4. Une seconde notification a été reçue le 4 novembre 2016, par M. I... mentionnant que la représentation était obligatoire devant la cour d'appel.

5. Par ordonnance du 9 novembre 2016, le conseiller de la mise en état de la cour d'appel de Paris a déclaré l'appel de M. I... irrecevable.

6. M. I... a formé un nouvel appel devant la cour d'appel de Versailles, le 3 avril 2017.

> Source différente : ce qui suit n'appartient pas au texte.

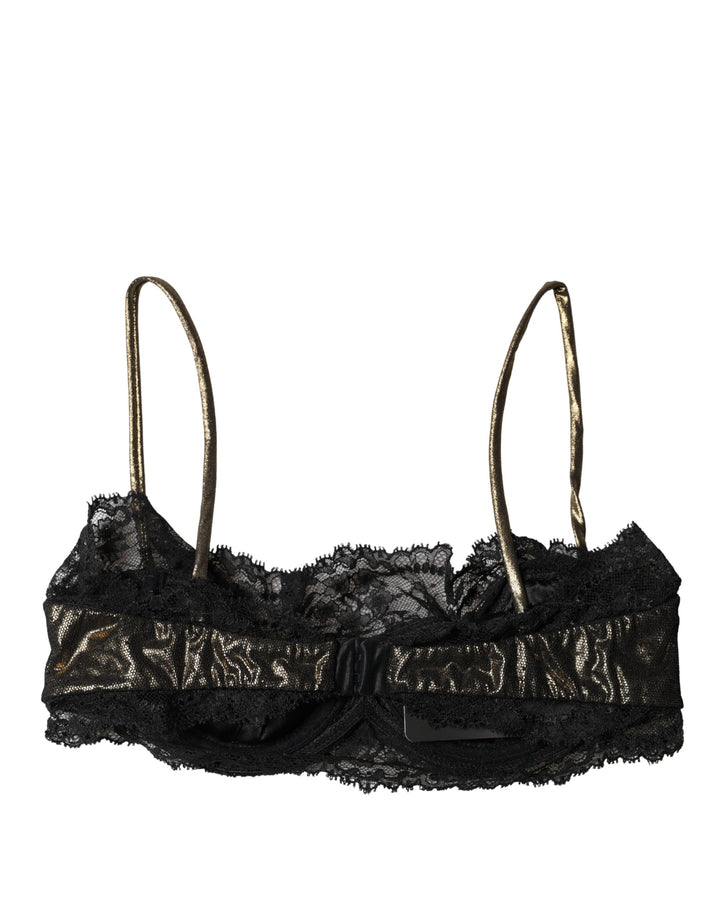Dolce &amp; Gabbana Black Silk Underwired Balconnet Bra Underwear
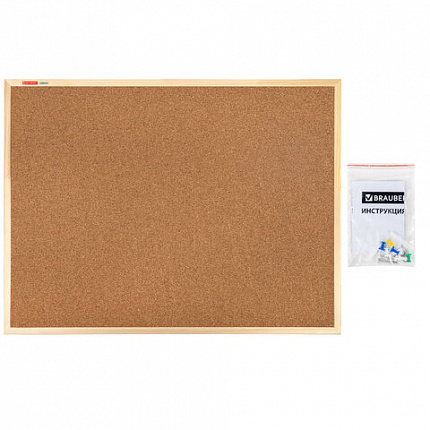 Доска пробковая для объявлений 90х120 см, деревянная рамка, BRAUBERG Wood, 238312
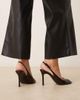 Mango Mango open toe slingback heels in cherry red - 3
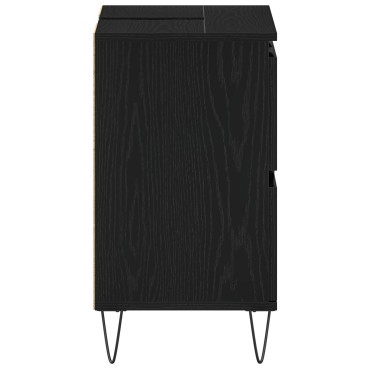 vidaXL Ντουλάπι Μπάνιου Μαύρη Δρυς 80x33x60cm Επεξεργασμένο Ξύλο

Le président de la chambre saisie a fixé un calendrier de procédure, le 5 juillet 2017 faisant application des dispositions des articles 905 et suivants du code de procédure civile. Il a, par ordonnance du 23 janvier 2019, déclaré irrecevable l'incident tendant à voir déclarer cet appel irrecevable.

Examen du moyen

Enoncé du moyen

7.M. I... fait grief à l'arrêt de déclarer son appel irrecevable alors :

« 1°/ qu'une seconde notification d'un jugement, faisant suite à une première notification ayant comporté des mentions erronées quant aux modalités d'exercice du recours juridictionnel, n'est pas de nature à faire courir le délai d'appel, même si elle n'est pas entachée d'erreur en ce qui a trait aux modalités d'exercice du recours, sauf si cette seconde notification indique que la précédente était erronée et qu'elle se substitue à elle ou la rectifie ; qu'en retenant au contraire qu'en l'état d'une première notification erronée, il n'était pas nécessaire que la seconde notification indique être rectificative de la précédente pour que puisse courir le délai du recours juridictionnel, la cour d'appel a violé, par fausse interprétation, les articles 651, 680 et 693 du code de procédure civile ;

2°/ qu'en privant le salarié d'accès au juge d'appel, sans qu'il soit constaté que la seconde notification avait indiqué rectifier la précédente ni donc que le salarié avait été mis en mesure de connaître les modalités d'appel dans des conditions lui permettant d'exercer utilement son droit au recours, la cour d'appel a violé l'article 6 de la Convention de sauvegarde des droits de l'homme et des libertés fondamentales. »

Réponse de la Cour

Vu les articles 651 et 680 du code de procédure civile, et l'article 6,§1, de la Convention de sauvegarde des droits de l'homme et des libertés fondamentales :

8. Il résulte de ces textes qu'une notification, intervenue après une première notification irrégulière, ne peut faire courir le délai de recours si elle ne précise pas qu'elle se substitue à la première.

9. Pour déclarer l'appel formé le 3 avril 2017 irrecevable comme tardif, l'arrêt retient que la première notification reçue le 4 octobre 2016, qui comportait l'adresse du greffe de la cour d'appel de Versailles au verso de l'acte, sous la mention « appel », ne mentionnait pas les modalités précises modifiées substantiellement depuis le 1er août 2016 mais contenait les modalités de la procédure orale applicable antérieurement à cette date et que, par conséquent, cette notification ne faisait pas courir le délai d'appel.

10. L'arrêt ajoute que la seconde notification contenant les nouvelles modalités de la procédure écrite, reçue le 4 novembre 2016, était nécessairement rectificative, même sans mention expresse alors qu'elle succédait à la première notification erronée.

11. En statuant ainsi, alors que la notification effectuée par le greffe, le 4 novembre 2016 ne précisait pas qu'elle se substituait à celle irrégulièrement faite auparavant, le 4 octobre 2016, de sorte que cette notification irrégulière n'avait pas fait courir le délai de recours, la cour d'appel a violé les textes susvisés.

PAR CES MOTIFS, la Cour :

CASSE ET ANNULE, en toutes ses dispositions, l'arrêt rendu le 3 avril 2019, entre les parties, par la cour d'appel de Versailles ;

Remet l'affaire et les parties dans l'état où elles se trouvaient avant cet arrêt et les renvoie devant la cour d'appel de Versailles autrement composée.

- Président : M. Pireyre - Rapporteur : Mme Maunand - Avocat général : M. Girard - Avocat(s) : SCP Matuchansky, Poupot et Valdelièvre ; SCP Gatineau, Fattaccini et Rebeyrol -

Textes visés :

Articles 651 et 680 du code de procédure civile ; article 6, § 1, de la Convention de sauvegarde des droits de l'homme et des libertés fondamentales.

Rapprochement(s) :

Dans le même sens que : 2e Civ., 22 mai 2008, pourvoi n° 06-14.665, Bull. 2008, II, n° 120 (cassation).